De inzet op de Woningbouwimpuls en het Volkshuisvestingsfonds voor kwetsbare wijken levert de komende 30 jaar een forse investering van extra financiële middelen van honderden miljoenen op voor gebiedsontwikkeling, maatschappelijke voorzieningen en de kwaliteit van de openbare ruimte. Een nieuw bestuur heeft daarmee een mooi toekomstperspectief.

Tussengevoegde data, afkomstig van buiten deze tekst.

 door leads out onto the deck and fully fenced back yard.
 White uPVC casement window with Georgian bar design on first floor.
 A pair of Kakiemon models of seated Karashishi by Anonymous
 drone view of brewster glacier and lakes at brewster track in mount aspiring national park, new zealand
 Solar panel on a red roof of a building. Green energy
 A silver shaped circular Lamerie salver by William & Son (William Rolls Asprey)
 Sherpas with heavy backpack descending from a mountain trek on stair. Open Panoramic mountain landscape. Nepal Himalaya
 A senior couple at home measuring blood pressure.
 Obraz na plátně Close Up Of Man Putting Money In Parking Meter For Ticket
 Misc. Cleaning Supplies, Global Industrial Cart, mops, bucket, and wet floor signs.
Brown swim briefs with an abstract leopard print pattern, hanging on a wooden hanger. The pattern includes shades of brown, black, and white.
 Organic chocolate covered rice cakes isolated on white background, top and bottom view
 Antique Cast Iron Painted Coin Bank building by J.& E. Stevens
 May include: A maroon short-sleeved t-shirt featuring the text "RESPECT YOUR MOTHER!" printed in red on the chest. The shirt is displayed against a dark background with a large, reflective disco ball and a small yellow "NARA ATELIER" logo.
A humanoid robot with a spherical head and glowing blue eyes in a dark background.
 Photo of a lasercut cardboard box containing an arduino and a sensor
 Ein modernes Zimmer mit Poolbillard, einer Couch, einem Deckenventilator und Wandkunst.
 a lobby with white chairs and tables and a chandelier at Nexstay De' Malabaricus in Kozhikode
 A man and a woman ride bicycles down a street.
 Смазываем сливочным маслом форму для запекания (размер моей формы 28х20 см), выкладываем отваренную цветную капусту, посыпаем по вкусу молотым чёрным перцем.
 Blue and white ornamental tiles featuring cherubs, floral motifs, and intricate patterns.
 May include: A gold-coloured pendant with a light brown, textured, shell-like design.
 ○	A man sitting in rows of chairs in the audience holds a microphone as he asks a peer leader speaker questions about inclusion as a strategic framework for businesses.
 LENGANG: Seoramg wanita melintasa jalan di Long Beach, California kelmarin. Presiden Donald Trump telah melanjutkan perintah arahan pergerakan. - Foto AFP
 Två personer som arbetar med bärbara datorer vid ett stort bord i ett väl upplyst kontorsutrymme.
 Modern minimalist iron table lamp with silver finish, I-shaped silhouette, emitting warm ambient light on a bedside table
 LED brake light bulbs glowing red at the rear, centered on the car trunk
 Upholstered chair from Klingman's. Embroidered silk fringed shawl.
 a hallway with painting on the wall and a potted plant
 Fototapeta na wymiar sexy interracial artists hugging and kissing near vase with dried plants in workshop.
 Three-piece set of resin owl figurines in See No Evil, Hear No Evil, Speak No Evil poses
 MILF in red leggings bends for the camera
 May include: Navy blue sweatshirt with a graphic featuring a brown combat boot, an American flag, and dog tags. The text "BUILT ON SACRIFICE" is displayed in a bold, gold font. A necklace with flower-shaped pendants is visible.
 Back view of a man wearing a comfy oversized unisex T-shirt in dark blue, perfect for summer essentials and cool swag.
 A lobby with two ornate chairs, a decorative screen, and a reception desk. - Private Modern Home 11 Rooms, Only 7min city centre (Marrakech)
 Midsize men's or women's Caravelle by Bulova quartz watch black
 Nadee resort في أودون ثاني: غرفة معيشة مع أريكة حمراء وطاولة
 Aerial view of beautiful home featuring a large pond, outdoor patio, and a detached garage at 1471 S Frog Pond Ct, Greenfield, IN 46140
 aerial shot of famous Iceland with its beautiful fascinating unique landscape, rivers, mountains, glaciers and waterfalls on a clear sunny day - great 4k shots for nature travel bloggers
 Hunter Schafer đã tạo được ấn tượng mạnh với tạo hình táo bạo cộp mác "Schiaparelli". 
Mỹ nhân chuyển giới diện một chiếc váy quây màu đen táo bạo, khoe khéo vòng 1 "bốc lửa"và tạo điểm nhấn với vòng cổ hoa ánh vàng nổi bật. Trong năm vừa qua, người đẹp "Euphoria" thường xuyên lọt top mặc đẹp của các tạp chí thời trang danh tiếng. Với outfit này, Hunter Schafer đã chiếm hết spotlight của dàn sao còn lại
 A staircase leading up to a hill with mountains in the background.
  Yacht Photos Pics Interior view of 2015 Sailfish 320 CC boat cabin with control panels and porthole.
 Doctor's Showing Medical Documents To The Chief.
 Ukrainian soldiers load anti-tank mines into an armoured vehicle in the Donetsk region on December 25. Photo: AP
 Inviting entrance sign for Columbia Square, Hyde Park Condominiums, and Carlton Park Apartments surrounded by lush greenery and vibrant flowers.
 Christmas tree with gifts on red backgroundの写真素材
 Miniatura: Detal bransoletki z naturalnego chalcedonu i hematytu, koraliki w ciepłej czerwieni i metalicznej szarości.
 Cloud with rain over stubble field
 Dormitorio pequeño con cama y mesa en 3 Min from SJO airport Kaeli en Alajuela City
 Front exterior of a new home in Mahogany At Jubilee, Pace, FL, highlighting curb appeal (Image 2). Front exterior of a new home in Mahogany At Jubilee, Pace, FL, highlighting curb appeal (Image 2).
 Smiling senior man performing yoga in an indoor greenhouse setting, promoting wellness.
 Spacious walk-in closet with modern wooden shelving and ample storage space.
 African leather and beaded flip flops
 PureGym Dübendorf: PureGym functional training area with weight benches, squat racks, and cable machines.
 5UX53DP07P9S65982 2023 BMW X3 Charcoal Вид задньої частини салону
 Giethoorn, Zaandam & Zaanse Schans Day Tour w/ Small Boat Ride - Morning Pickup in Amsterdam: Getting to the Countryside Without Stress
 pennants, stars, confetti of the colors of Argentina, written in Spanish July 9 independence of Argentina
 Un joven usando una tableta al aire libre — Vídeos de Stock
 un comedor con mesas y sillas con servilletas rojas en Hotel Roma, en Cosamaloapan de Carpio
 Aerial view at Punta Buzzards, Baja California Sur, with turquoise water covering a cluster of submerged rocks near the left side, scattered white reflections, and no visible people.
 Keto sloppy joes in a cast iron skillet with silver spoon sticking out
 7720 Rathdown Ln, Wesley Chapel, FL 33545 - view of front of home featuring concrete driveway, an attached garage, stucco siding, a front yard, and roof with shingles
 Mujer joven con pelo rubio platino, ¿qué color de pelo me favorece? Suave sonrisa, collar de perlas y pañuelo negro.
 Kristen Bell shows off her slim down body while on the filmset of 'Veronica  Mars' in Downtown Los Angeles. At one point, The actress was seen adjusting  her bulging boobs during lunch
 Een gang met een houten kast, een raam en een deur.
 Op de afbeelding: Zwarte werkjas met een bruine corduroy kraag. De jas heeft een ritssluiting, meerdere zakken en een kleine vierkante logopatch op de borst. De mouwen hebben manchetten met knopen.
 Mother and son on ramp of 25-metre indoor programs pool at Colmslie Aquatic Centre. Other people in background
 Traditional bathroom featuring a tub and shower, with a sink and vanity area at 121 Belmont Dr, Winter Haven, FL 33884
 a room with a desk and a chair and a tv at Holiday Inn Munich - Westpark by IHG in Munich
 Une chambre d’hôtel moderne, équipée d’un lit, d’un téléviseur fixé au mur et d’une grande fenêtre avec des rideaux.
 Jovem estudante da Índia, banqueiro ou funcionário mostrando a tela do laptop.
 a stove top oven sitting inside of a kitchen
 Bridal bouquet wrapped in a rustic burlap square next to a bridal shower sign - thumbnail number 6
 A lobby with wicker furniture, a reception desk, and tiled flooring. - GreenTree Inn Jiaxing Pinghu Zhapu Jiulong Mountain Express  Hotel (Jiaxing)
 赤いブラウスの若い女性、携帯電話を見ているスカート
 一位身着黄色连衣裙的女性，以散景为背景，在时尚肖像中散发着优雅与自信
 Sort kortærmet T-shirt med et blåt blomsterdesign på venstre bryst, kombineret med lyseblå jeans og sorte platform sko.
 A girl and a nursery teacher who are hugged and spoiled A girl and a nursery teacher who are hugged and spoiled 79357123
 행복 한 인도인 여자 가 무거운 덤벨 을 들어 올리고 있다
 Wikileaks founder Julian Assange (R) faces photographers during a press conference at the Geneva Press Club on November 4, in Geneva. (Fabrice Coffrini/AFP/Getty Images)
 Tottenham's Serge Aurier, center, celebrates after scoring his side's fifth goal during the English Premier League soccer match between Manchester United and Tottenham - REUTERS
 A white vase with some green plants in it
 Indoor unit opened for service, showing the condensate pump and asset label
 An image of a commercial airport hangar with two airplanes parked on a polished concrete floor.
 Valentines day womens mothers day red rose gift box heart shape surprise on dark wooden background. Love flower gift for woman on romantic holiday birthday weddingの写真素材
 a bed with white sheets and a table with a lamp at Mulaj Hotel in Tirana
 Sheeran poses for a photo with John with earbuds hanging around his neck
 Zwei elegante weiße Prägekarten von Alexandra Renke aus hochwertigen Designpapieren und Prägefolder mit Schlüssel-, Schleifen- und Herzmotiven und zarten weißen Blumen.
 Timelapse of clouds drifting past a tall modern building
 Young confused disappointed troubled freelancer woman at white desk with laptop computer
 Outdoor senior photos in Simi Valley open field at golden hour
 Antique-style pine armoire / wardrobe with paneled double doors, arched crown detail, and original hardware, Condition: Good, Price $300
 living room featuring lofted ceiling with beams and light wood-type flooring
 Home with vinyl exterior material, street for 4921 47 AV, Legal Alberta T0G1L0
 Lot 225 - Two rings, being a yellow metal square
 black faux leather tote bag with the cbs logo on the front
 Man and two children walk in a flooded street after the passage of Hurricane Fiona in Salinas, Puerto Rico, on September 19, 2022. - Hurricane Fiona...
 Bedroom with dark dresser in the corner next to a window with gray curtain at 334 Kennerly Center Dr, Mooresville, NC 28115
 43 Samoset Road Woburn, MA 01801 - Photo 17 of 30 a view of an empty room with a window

We hebben ‘de molen op de wind’ gezet
De coronapandemie vroeg begin 2020 onverwacht om grote wendbaarheid van ons als inwoner, ondernemer, maatschappelijke instelling, bestuur en organisatie om de stad vitaal te houden. Alle analyses wijzen erop dat de crisis grote impact heeft op de inwoners van Zaanstad, nu en in de toekomst. Inwoners die het al moeilijk hadden, zijn nóg kwetsbaarder geworden. Als college hebben we daar voortvarend op ingespeeld door inwoners, ondernemers en instellingen met financiële regelingen te ondersteunen, zoals de TOZO, TONK en vanuit het programma ‘de Vitale Stad’. We zien dat de werkeloosheid laag is gebleven in Zaanstad en de economische en culturele sector voorzichtig uit het dal klimt. Op dit moment kunnen we de effecten van corona opvangen met de middelen die het Rijk ons daarvoor geeft.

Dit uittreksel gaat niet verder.